I work and live on the Eastside of Austin which means that I’m unique and hip… by default.
Anytime a young person moves to the east side of any city, their credibility suddenly goes up fourteen notches.
Eastside Austin is a culturally vibrant and enthusiastic part of our fair city. It’s the only place where you can sit back and watch a police helicopter chase while enjoying a nice $1.50 taco of your choice. It’s a place where warehouses are turned into art spaces, vacant lots are furnished with food trailers, and old dive bars are turned into new dive bars.
I myself work in said warehouse. My office was formerly a bus depot, then furniture store, now hipster art collective/squirrel habitat. Our building boasts a graffiti-esque sign of our name which is an exclaimed adjective followed by an exclaimed adverb. In front of the sign, is another sign posted by an anonymous local telling us to get lost.

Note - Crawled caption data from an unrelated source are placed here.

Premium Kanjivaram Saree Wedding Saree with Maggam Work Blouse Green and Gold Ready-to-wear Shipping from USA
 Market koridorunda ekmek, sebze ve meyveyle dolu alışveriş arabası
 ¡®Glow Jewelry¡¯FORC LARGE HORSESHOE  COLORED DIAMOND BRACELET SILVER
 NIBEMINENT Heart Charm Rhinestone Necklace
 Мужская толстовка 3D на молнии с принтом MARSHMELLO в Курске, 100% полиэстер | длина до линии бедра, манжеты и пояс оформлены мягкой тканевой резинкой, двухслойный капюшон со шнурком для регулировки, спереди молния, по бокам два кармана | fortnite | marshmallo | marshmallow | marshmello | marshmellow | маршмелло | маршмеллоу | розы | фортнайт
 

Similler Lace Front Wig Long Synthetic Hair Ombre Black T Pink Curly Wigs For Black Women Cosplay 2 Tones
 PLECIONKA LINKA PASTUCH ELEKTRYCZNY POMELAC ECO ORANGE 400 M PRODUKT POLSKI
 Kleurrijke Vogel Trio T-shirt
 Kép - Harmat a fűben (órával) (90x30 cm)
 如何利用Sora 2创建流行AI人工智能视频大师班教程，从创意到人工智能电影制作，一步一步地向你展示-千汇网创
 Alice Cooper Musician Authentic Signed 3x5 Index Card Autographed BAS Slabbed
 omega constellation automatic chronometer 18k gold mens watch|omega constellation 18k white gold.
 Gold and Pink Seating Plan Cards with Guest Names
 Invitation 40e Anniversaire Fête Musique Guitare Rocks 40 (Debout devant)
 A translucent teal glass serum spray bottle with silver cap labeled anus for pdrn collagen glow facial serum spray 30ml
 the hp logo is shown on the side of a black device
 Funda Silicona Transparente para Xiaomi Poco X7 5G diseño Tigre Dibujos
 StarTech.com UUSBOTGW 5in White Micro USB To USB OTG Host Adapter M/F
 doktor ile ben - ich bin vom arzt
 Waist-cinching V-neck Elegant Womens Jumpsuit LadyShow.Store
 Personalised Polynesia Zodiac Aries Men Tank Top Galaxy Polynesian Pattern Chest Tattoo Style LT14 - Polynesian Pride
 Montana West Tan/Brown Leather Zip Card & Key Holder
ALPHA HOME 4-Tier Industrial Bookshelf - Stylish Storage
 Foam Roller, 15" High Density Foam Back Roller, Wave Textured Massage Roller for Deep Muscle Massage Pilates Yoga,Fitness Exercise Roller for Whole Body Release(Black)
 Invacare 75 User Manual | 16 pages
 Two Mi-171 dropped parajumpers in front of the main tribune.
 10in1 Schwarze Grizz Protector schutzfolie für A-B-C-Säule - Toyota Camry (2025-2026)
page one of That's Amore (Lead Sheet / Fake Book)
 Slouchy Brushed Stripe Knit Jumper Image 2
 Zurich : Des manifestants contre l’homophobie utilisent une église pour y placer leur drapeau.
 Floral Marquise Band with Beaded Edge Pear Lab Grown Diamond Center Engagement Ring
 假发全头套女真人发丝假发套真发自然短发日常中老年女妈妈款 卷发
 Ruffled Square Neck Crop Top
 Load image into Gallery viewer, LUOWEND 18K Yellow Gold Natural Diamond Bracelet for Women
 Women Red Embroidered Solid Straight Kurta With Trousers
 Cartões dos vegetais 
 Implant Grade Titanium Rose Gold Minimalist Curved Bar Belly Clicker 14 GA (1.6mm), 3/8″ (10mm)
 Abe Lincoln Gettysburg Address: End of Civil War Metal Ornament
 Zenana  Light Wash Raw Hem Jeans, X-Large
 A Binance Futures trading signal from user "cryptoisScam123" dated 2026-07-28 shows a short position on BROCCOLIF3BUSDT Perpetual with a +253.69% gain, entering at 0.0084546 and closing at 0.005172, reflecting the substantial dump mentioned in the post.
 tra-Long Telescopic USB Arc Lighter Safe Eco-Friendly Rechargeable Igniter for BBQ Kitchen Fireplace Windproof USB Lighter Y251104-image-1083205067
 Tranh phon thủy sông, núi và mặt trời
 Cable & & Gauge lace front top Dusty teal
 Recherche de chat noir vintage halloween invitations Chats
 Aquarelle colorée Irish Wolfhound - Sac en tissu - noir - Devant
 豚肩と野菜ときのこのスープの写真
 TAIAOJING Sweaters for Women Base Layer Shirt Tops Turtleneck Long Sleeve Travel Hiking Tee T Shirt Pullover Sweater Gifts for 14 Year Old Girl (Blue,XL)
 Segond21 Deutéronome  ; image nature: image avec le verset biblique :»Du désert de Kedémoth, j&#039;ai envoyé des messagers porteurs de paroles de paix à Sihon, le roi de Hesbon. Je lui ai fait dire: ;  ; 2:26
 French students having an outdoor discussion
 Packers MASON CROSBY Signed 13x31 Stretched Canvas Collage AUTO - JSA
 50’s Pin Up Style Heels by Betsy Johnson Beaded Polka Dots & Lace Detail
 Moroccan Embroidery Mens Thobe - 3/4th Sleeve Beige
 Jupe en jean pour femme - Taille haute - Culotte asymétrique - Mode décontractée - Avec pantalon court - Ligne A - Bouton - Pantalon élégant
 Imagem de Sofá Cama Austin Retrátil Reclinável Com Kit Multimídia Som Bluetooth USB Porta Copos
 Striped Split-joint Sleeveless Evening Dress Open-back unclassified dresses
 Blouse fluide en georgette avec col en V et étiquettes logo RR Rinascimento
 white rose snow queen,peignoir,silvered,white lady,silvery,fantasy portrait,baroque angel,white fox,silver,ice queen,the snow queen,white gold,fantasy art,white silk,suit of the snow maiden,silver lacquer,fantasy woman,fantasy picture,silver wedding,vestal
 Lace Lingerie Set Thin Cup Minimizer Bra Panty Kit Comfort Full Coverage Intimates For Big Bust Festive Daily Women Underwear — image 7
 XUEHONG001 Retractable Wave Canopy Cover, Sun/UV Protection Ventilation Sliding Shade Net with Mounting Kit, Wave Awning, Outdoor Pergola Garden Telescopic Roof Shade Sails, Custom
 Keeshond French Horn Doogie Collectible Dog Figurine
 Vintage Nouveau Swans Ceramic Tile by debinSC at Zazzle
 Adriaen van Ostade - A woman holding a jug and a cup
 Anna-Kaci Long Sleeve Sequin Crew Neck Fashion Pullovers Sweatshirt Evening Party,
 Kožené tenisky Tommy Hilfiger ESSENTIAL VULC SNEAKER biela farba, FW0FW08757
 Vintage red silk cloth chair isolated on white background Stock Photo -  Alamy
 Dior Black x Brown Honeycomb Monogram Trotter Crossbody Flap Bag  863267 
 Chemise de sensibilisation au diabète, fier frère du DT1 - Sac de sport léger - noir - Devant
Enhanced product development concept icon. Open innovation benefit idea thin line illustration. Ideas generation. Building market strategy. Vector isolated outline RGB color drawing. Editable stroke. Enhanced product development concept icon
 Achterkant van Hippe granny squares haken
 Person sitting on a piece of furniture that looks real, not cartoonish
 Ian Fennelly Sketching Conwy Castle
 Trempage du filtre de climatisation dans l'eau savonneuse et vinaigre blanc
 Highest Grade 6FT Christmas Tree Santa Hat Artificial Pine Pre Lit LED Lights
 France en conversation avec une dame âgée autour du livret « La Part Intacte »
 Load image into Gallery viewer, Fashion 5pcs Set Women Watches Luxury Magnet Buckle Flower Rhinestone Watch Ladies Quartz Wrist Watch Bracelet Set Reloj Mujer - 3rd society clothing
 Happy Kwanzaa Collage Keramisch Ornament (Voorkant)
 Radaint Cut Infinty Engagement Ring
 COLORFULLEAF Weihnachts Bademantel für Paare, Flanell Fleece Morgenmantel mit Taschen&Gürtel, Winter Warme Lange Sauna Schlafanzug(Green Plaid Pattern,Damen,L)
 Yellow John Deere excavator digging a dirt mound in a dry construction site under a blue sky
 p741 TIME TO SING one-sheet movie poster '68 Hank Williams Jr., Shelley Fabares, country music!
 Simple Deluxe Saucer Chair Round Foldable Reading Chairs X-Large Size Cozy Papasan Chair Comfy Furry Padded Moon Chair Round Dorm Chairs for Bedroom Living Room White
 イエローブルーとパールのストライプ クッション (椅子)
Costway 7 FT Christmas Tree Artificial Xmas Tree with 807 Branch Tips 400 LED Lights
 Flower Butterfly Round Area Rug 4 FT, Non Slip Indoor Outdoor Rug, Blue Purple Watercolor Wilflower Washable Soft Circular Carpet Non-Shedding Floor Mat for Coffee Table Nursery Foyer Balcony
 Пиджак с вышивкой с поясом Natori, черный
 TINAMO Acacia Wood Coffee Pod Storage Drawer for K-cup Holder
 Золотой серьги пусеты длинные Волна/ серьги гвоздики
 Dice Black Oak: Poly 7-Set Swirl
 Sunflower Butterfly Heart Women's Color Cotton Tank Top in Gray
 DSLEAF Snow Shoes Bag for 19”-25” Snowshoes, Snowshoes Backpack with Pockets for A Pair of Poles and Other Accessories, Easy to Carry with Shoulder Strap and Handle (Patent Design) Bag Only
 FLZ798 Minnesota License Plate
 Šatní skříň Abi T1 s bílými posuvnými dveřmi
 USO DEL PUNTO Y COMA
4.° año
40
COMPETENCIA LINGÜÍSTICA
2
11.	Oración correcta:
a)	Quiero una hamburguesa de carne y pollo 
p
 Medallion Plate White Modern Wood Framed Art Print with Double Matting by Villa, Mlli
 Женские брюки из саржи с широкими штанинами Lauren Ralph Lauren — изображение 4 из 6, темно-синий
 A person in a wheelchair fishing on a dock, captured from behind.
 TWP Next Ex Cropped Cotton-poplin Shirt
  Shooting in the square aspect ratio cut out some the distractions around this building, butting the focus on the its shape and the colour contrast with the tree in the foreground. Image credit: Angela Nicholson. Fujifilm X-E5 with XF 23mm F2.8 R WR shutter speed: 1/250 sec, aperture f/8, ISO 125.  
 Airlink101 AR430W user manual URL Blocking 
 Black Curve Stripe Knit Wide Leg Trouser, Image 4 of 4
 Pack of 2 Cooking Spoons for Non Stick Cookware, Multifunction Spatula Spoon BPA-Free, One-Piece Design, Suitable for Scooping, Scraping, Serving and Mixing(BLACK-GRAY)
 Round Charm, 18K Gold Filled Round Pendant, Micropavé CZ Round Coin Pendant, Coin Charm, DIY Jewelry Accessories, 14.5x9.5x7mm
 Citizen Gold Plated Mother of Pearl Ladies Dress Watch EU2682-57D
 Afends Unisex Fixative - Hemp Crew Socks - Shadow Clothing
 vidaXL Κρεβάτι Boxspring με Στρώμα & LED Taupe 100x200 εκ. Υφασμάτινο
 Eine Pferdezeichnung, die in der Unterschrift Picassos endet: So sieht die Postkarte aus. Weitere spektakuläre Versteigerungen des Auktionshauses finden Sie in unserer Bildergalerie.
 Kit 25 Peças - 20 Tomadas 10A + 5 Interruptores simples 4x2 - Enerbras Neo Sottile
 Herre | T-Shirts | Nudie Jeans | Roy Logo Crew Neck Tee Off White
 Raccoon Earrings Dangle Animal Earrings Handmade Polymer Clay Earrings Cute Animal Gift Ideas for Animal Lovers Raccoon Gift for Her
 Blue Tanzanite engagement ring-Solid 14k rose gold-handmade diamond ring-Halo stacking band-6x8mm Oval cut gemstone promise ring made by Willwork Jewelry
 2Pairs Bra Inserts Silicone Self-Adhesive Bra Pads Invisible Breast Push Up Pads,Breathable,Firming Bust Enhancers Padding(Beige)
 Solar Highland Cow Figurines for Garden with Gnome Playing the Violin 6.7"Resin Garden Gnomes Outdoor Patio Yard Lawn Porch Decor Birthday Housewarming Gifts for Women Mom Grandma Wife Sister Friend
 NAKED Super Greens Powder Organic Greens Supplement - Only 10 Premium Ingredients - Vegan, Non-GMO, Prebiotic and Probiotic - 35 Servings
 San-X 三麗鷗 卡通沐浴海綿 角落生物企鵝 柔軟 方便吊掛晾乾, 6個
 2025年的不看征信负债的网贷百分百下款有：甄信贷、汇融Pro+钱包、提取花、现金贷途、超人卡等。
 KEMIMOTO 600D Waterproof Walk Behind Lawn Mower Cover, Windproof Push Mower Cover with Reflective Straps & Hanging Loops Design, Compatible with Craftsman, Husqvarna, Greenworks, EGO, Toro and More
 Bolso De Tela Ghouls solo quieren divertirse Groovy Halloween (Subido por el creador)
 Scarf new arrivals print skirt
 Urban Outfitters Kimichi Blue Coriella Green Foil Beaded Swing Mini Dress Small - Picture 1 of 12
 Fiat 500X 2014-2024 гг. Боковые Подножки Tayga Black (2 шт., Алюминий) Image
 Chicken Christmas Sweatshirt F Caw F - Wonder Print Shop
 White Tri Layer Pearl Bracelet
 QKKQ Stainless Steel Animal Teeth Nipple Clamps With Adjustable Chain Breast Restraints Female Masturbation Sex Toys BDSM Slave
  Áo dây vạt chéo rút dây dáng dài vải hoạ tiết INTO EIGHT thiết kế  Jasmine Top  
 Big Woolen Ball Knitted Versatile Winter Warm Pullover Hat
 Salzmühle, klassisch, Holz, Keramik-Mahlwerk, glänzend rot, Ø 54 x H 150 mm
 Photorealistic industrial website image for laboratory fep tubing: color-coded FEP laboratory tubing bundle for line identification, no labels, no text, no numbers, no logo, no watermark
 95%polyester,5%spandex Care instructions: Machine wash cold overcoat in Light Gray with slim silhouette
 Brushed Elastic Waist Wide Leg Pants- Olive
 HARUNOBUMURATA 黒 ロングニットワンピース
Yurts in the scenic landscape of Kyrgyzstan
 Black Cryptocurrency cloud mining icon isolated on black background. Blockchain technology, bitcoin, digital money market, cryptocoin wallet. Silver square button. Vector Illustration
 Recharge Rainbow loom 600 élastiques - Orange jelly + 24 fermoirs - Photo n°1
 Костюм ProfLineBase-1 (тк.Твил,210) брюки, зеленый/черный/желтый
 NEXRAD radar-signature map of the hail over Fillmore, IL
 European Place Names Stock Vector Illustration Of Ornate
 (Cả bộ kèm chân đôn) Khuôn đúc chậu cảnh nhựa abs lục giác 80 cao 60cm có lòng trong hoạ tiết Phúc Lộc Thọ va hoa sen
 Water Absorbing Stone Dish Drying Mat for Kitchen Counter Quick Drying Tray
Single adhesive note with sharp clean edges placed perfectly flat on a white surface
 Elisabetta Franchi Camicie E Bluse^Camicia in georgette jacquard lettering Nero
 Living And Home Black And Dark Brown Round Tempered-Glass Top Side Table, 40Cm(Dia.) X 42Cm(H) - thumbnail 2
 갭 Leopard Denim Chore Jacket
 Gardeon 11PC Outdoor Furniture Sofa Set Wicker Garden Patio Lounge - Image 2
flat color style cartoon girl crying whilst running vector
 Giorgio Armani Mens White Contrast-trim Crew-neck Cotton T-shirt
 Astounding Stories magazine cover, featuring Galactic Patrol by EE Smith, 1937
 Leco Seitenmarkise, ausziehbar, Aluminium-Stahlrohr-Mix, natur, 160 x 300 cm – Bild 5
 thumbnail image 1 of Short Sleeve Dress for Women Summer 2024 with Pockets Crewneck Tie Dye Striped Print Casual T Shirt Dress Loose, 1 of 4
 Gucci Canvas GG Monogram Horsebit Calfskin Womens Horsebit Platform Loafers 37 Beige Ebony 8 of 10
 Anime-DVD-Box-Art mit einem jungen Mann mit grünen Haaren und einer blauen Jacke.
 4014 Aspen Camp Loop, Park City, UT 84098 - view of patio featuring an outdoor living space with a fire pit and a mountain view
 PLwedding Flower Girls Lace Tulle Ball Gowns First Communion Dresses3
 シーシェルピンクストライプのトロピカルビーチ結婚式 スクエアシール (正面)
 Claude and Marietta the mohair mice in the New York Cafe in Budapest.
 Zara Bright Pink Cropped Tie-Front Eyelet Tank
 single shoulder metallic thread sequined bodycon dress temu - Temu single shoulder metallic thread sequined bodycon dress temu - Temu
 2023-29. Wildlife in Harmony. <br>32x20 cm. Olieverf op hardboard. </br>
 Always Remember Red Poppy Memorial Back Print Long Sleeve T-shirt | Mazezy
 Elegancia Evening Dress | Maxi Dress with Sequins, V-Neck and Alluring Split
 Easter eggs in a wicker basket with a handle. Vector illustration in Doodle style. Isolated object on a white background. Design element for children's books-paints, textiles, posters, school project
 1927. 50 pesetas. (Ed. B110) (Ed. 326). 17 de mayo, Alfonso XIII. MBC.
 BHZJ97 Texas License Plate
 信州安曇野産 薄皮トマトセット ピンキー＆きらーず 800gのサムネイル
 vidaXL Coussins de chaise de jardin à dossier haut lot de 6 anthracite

At our office we enjoy watching prostitutes having sex with their johns outside our windows, high speed police chases that cumulate in our parking lot, and squirrels that randomly fall from the ceiling and hit the hard cement floor with a thud, run spastically in circles and then fling themselves against the window pane in a desperate bid to flee.
Just yesterday I was able to snap my first prostitute solicitation on my Iphone. The deal went down right behind my desk and I quietly hid and raised my phone above the windowsill to get the shot below. I heard the woman offer her services for ten dollars, then enthusiastically dance when the man said “yes”. Hence the awkward position she, er, let’s call her Linda, is standing in the picture. The two temporary love birds giddily drove off and no less than ten minutes later, I see a beaming Linda walking back down the street hocking a big loogie and wiping her hands.
When not at work, you can often find me at home, gardening with BBQ prongs in my bloomers, or riding my bike back and forth down the street for no apparent reason. Naked hippie children play within ten feet of where I am and ignore me. I too ignore them but secretly I’m sad that they act like I don’t exist.
I live in a 1920’s Sears catalog house
. Which means in 1925, it cost what I pay in a month’s rent to built.
Tomorrow I will be partaking in a photo exhibit at Super!Alright! @ 6PM. Come by and say hello. The fabulous Missions
will be playing. You’ll be able to meet the squirrels and I just may be in my bloomers. The naked hippie children will not be there, and even if they were, they wouldn’t give a shit about you. Linda might make a guest appearance though.